**Work required:**
Everything from the line with "Certified 2025 Toyota Corolla LE image 9" through the last line of the data below should be copied exactly, apart from the pictures.
_ _ _ _
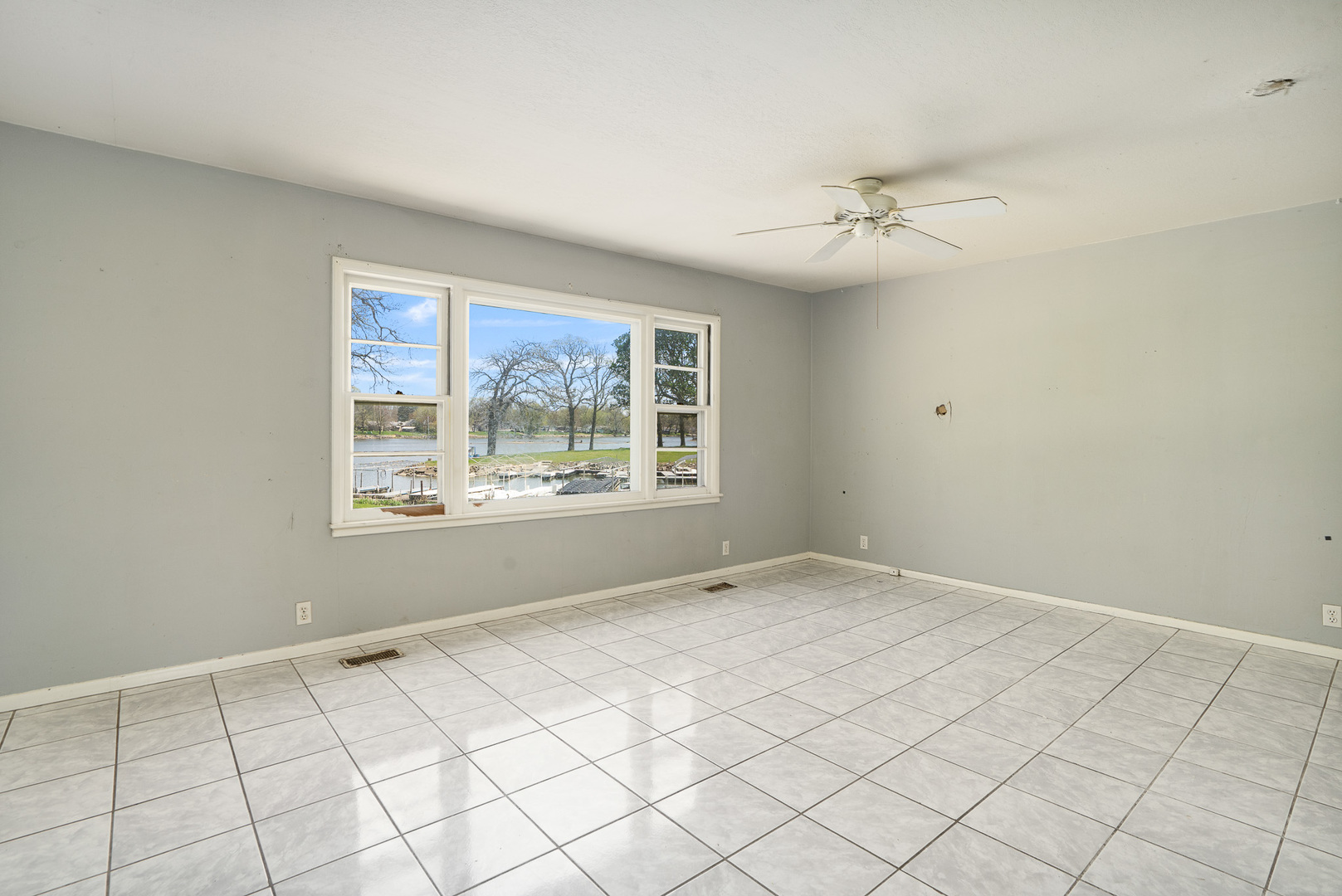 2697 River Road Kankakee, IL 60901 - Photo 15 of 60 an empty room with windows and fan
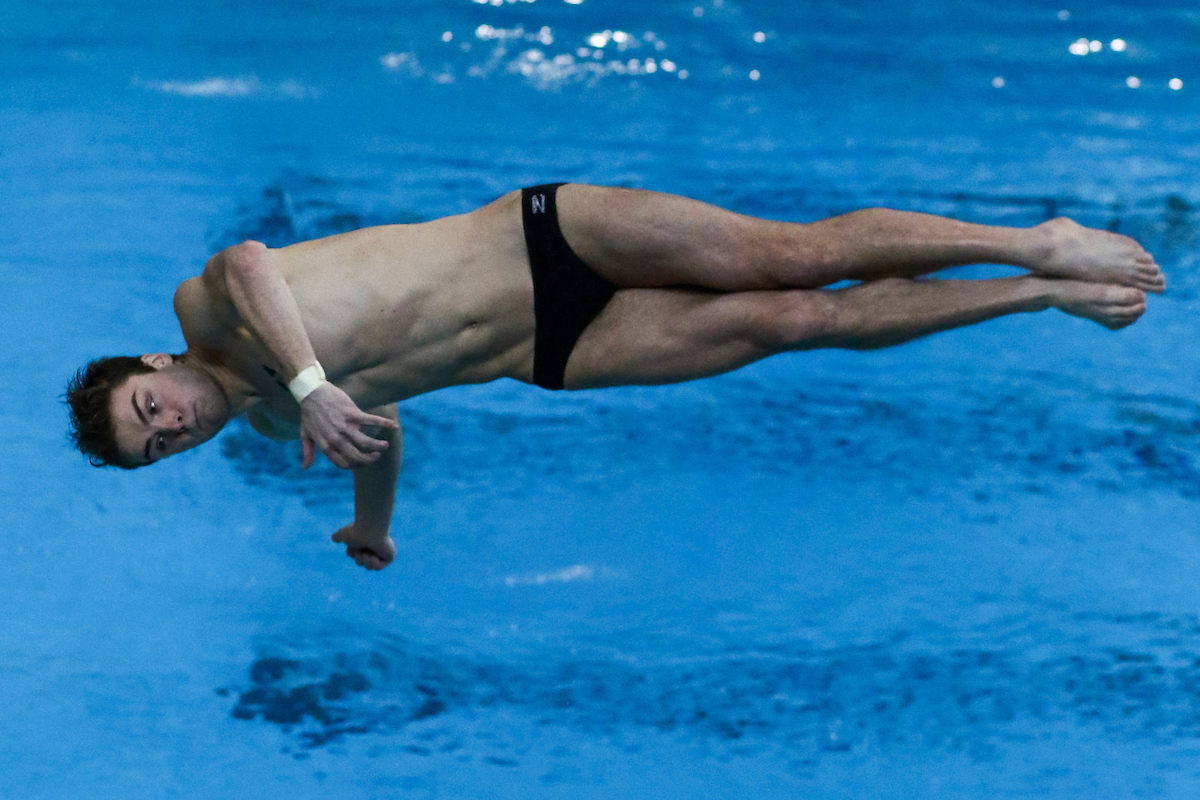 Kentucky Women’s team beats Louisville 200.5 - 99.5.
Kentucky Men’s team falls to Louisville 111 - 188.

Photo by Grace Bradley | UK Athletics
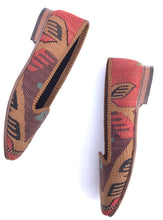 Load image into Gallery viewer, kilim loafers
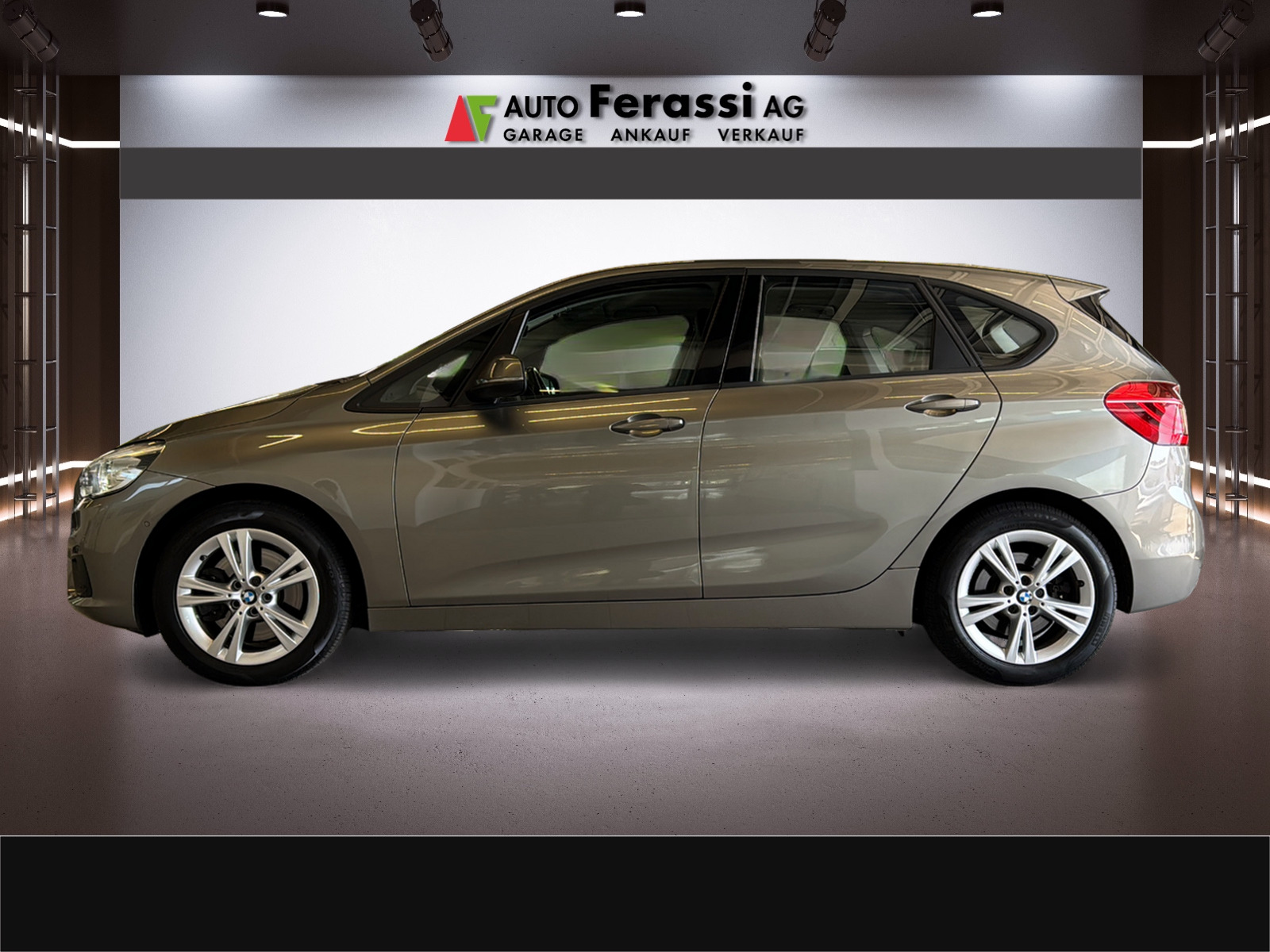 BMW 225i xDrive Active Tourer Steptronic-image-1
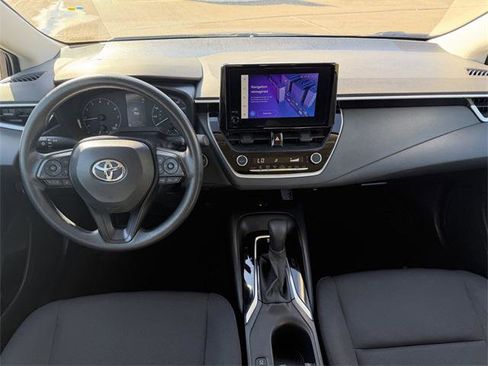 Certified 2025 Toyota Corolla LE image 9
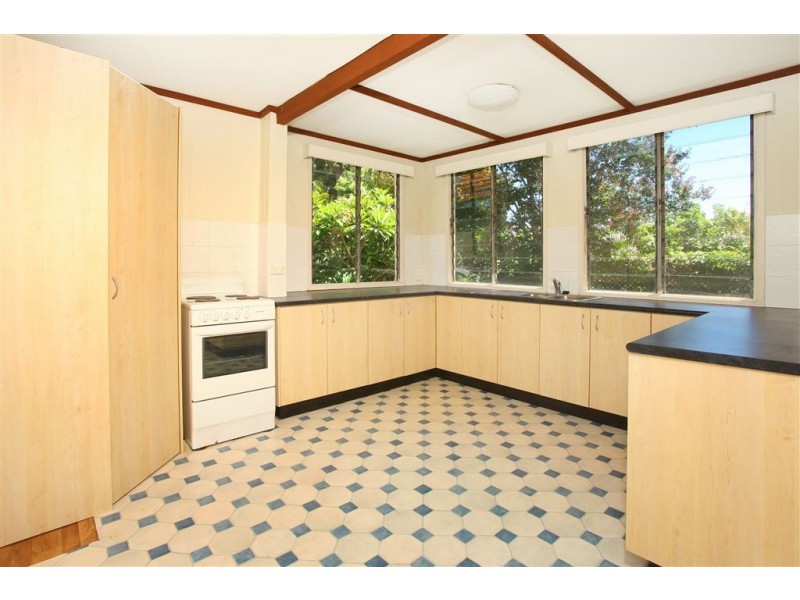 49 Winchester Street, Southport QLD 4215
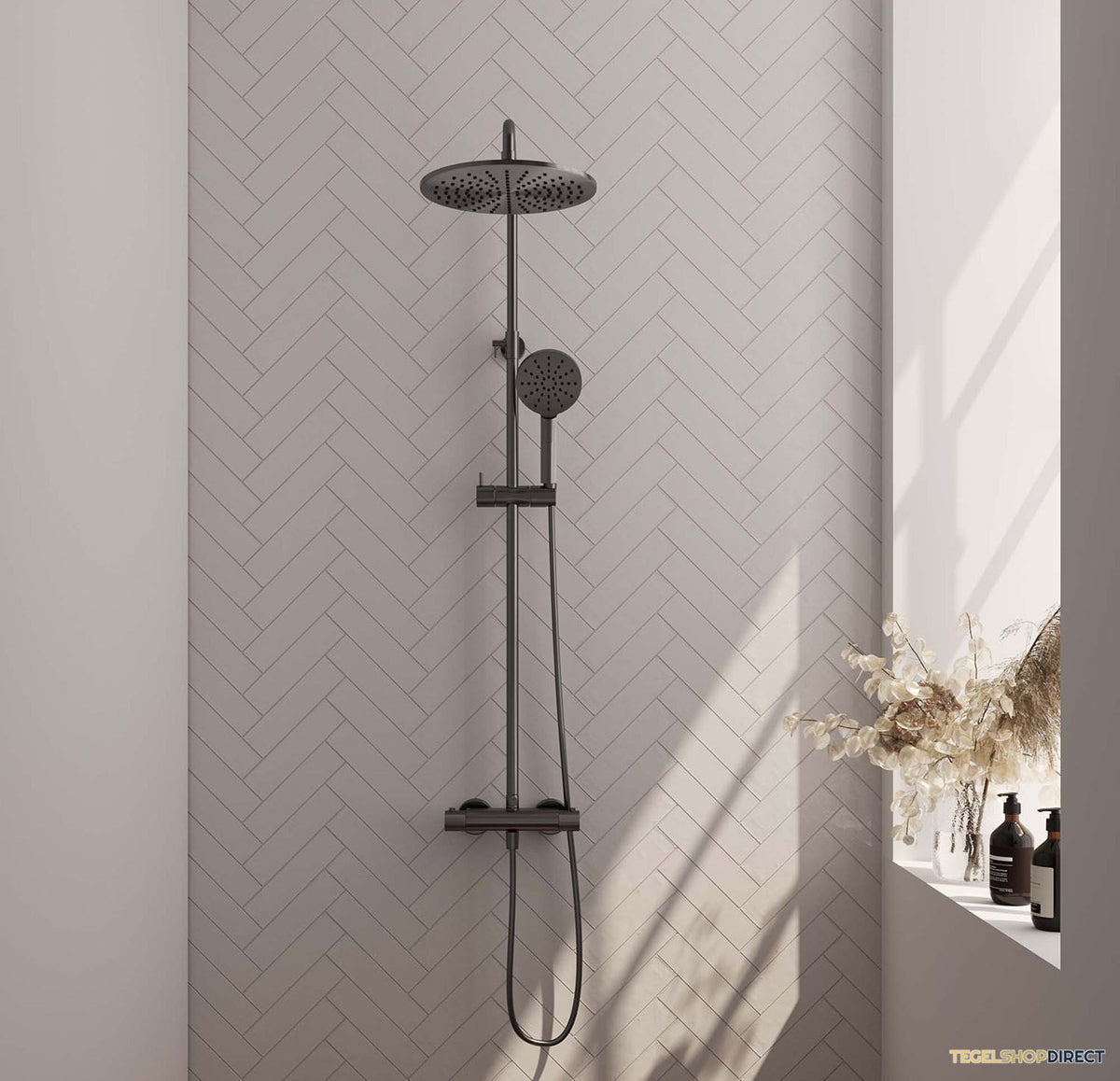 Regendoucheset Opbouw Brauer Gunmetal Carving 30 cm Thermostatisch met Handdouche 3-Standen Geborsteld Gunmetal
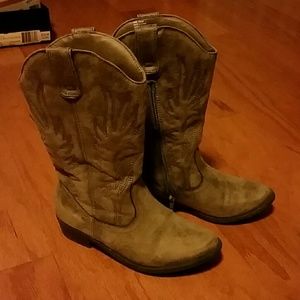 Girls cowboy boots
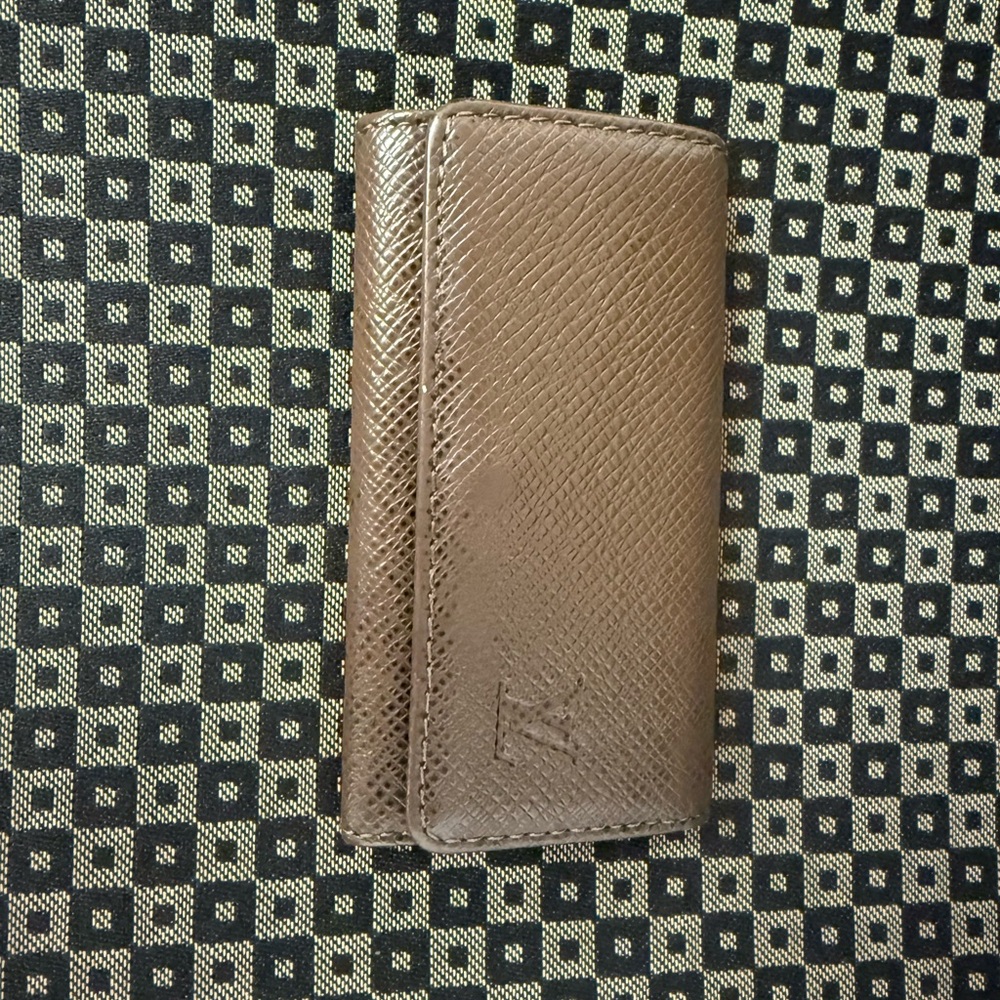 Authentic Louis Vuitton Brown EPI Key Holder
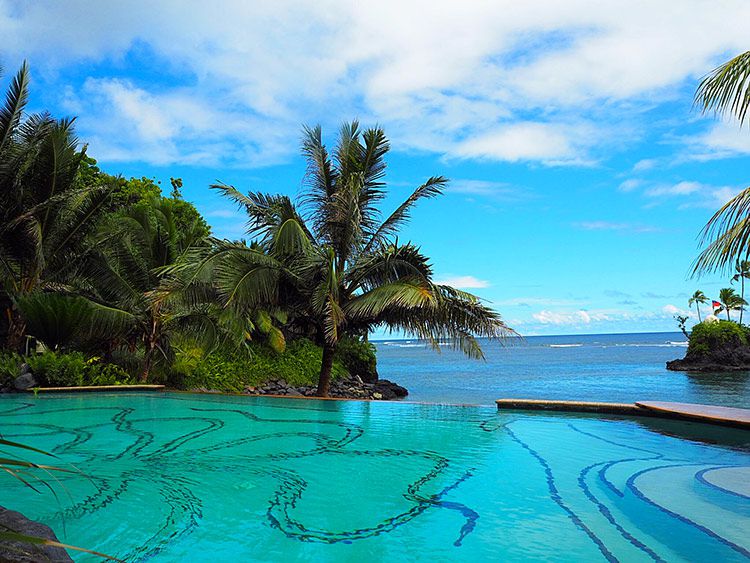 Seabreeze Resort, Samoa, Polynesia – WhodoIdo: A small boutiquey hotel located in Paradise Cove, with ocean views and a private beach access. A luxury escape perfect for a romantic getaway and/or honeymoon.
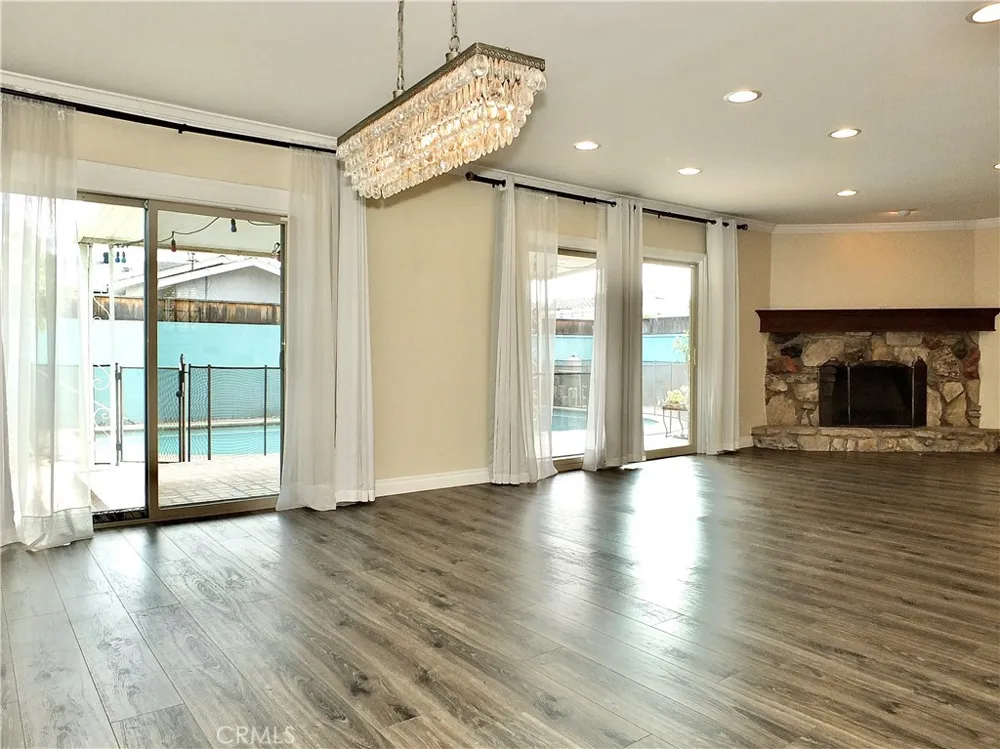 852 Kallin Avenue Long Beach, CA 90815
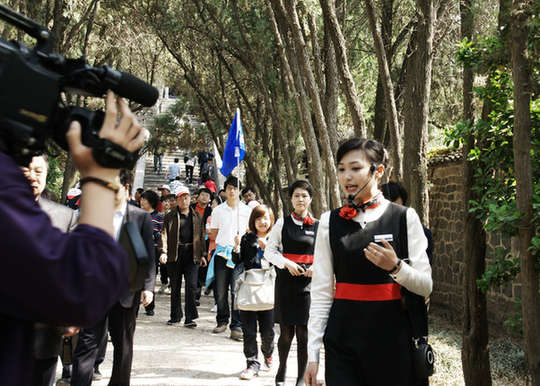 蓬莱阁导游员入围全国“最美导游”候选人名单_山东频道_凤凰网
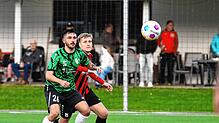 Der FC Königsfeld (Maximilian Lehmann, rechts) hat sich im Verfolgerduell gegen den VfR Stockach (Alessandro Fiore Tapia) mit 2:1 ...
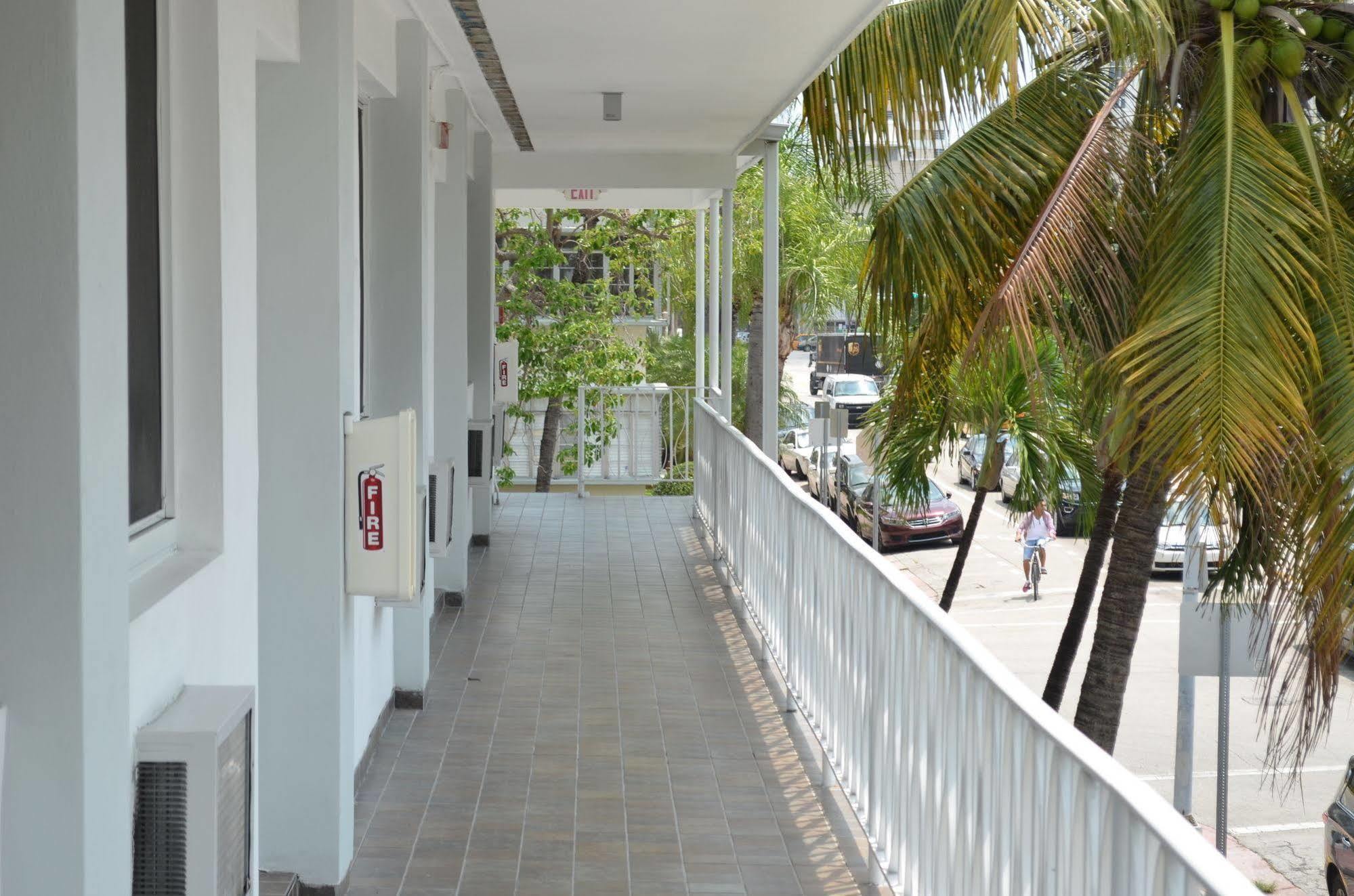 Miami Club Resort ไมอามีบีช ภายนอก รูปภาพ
_ _ _ _
**Result of the exercise:**
 Certified 2025 Toyota Corolla LE image 9
 49 Winchester Street, Southport QLD 4215
 Regendoucheset Opbouw Brauer Gunmetal Carving 30 cm Thermostatisch met Handdouche 3-Standen Geborsteld Gunmetal
 Girls cowboy boots
 Authentic Louis Vuitton Brown EPI Key Holder
 Seabreeze Resort, Samoa, Polynesia – WhodoIdo: A small boutiquey hotel located in Paradise Cove, with ocean views and a private beach access. A luxury escape perfect for a romantic getaway and/or honeymoon.
 852 Kallin Avenue Long Beach, CA 90815
 蓬莱阁导游员入围全国“最美导游”候选人名单_山东频道_凤凰网
 Der FC Königsfeld (Maximilian Lehmann, rechts) hat sich im Verfolgerduell gegen den VfR Stockach (Alessandro Fiore Tapia) mit 2:1 ...
 Miami Club Resort ไมอามีบีช ภายนอก รูปภาพ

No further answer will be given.